:: DATASET EXTRACT ::

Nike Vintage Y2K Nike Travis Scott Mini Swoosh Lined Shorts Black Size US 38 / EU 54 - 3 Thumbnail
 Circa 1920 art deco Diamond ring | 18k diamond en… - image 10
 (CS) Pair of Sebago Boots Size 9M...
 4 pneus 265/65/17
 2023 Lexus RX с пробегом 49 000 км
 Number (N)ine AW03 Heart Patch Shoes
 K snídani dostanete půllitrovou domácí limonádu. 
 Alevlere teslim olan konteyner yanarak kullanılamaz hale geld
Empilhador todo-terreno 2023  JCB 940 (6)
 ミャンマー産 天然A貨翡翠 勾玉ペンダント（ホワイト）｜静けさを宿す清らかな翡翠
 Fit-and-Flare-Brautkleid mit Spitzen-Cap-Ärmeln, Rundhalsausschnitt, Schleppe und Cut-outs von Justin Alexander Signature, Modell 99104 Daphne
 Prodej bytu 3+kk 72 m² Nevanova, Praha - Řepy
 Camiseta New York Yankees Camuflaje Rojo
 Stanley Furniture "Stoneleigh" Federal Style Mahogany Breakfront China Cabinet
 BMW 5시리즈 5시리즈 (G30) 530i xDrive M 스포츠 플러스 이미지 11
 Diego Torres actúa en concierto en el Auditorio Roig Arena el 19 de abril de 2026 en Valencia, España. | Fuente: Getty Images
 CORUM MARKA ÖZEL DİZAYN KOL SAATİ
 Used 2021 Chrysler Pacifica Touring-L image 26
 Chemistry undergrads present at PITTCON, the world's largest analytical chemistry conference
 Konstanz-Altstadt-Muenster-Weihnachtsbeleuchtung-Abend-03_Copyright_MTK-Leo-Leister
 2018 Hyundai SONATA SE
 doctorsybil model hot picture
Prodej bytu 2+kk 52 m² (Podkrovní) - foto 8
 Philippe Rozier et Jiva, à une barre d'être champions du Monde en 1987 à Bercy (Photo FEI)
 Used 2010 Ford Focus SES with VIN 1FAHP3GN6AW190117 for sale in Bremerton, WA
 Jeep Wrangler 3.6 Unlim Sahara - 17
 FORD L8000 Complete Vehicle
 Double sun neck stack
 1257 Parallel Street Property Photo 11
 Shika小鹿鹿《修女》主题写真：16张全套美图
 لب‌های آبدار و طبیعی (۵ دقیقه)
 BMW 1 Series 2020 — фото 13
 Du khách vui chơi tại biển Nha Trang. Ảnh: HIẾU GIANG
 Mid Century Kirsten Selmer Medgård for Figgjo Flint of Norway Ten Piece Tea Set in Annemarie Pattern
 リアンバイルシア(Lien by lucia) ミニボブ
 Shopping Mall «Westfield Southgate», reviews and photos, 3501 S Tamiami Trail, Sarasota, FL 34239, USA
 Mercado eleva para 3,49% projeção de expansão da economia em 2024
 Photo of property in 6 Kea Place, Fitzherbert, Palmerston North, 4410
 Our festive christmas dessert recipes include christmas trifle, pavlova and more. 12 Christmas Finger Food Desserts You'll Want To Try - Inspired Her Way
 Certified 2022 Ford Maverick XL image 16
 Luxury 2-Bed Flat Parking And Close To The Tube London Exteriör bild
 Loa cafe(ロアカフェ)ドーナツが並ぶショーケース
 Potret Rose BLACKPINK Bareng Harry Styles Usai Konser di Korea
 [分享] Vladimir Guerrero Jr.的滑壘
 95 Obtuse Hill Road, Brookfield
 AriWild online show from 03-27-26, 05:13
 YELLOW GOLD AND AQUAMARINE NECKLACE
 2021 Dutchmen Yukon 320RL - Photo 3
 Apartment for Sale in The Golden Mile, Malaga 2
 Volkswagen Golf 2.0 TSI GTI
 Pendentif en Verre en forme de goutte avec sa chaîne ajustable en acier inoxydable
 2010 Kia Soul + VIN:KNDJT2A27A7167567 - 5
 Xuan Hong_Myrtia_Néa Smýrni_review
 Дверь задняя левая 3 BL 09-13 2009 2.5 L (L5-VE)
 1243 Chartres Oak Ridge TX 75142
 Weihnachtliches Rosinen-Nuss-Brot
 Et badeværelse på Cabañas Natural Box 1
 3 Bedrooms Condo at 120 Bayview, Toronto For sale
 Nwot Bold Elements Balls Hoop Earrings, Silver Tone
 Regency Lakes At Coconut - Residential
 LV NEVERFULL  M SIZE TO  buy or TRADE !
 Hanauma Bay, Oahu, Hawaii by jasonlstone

:::

The entries shown above must be restated word for word.

→ REPLY TO THE EXERCISE
Nike Vintage Y2K Nike Travis Scott Mini Swoosh Lined Shorts Black Size US 38 / EU 54 - 3 Thumbnail
 Circa 1920 art deco Diamond ring | 18k diamond en… - image 10
 (CS) Pair of Sebago Boots Size 9M...
 4 pneus 265/65/17
 2023 Lexus RX с пробегом 49 000 км
 Number (N)ine AW03 Heart Patch Shoes
 K snídani dostanete půllitrovou domácí limonádu. 
 Alevlere teslim olan konteyner yanarak kullanılamaz hale geld
Empilhador todo-terreno 2023  JCB 940 (6)
 ミャンマー産 天然A貨翡翠 勾玉ペンダント（ホワイト）｜静けさを宿す清らかな翡翠
 Fit-and-Flare-Brautkleid mit Spitzen-Cap-Ärmeln, Rundhalsausschnitt, Schleppe und Cut-outs von Justin Alexander Signature, Modell 99104 Daphne
 Prodej bytu 3+kk 72 m² Nevanova, Praha - Řepy
 Camiseta New York Yankees Camuflaje Rojo
 Stanley Furniture "Stoneleigh" Federal Style Mahogany Breakfront China Cabinet
 BMW 5시리즈 5시리즈 (G30) 530i xDrive M 스포츠 플러스 이미지 11
 Diego Torres actúa en concierto en el Auditorio Roig Arena el 19 de abril de 2026 en Valencia, España. | Fuente: Getty Images
 CORUM MARKA ÖZEL DİZAYN KOL SAATİ
 Used 2021 Chrysler Pacifica Touring-L image 26
 Chemistry undergrads present at PITTCON, the world's largest analytical chemistry conference
 Konstanz-Altstadt-Muenster-Weihnachtsbeleuchtung-Abend-03_Copyright_MTK-Leo-Leister
 2018 Hyundai SONATA SE
 doctorsybil model hot picture
Prodej bytu 2+kk 52 m² (Podkrovní) - foto 8
 Philippe Rozier et Jiva, à une barre d'être champions du Monde en 1987 à Bercy (Photo FEI)
 Used 2010 Ford Focus SES with VIN 1FAHP3GN6AW190117 for sale in Bremerton, WA
 Jeep Wrangler 3.6 Unlim Sahara - 17
 FORD L8000 Complete Vehicle
 Double sun neck stack
 1257 Parallel Street Property Photo 11
 Shika小鹿鹿《修女》主题写真：16张全套美图
 لب‌های آبدار و طبیعی (۵ دقیقه)
 BMW 1 Series 2020 — фото 13
 Du khách vui chơi tại biển Nha Trang. Ảnh: HIẾU GIANG
 Mid Century Kirsten Selmer Medgård for Figgjo Flint of Norway Ten Piece Tea Set in Annemarie Pattern
 リアンバイルシア(Lien by lucia) ミニボブ
 Shopping Mall «Westfield Southgate», reviews and photos, 3501 S Tamiami Trail, Sarasota, FL 34239, USA
 Mercado eleva para 3,49% projeção de expansão da economia em 2024
 Photo of property in 6 Kea Place, Fitzherbert, Palmerston North, 4410
 Our festive christmas dessert recipes include christmas trifle, pavlova and more. 12 Christmas Finger Food Desserts You'll Want To Try - Inspired Her Way
 Certified 2022 Ford Maverick XL image 16
 Luxury 2-Bed Flat Parking And Close To The Tube London Exteriör bild
 Loa cafe(ロアカフェ)ドーナツが並ぶショーケース
 Potret Rose BLACKPINK Bareng Harry Styles Usai Konser di Korea
 [分享] Vladimir Guerrero Jr.的滑壘
 95 Obtuse Hill Road, Brookfield
 AriWild online show from 03-27-26, 05:13
 YELLOW GOLD AND AQUAMARINE NECKLACE
 2021 Dutchmen Yukon 320RL - Photo 3
 Apartment for Sale in The Golden Mile, Malaga 2
 Volkswagen Golf 2.0 TSI GTI
 Pendentif en Verre en forme de goutte avec sa chaîne ajustable en acier inoxydable
 2010 Kia Soul + VIN:KNDJT2A27A7167567 - 5
 Xuan Hong_Myrtia_Néa Smýrni_review
 Дверь задняя левая 3 BL 09-13 2009 2.5 L (L5-VE)
 1243 Chartres Oak Ridge TX 75142
 Weihnachtliches Rosinen-Nuss-Brot
 Et badeværelse på Cabañas Natural Box 1
 3 Bedrooms Condo at 120 Bayview, Toronto For sale
 Nwot Bold Elements Balls Hoop Earrings, Silver Tone
 Regency Lakes At Coconut - Residential
 LV NEVERFULL  M SIZE TO  buy or TRADE !
 Hanauma Bay, Oahu, Hawaii by jasonlstone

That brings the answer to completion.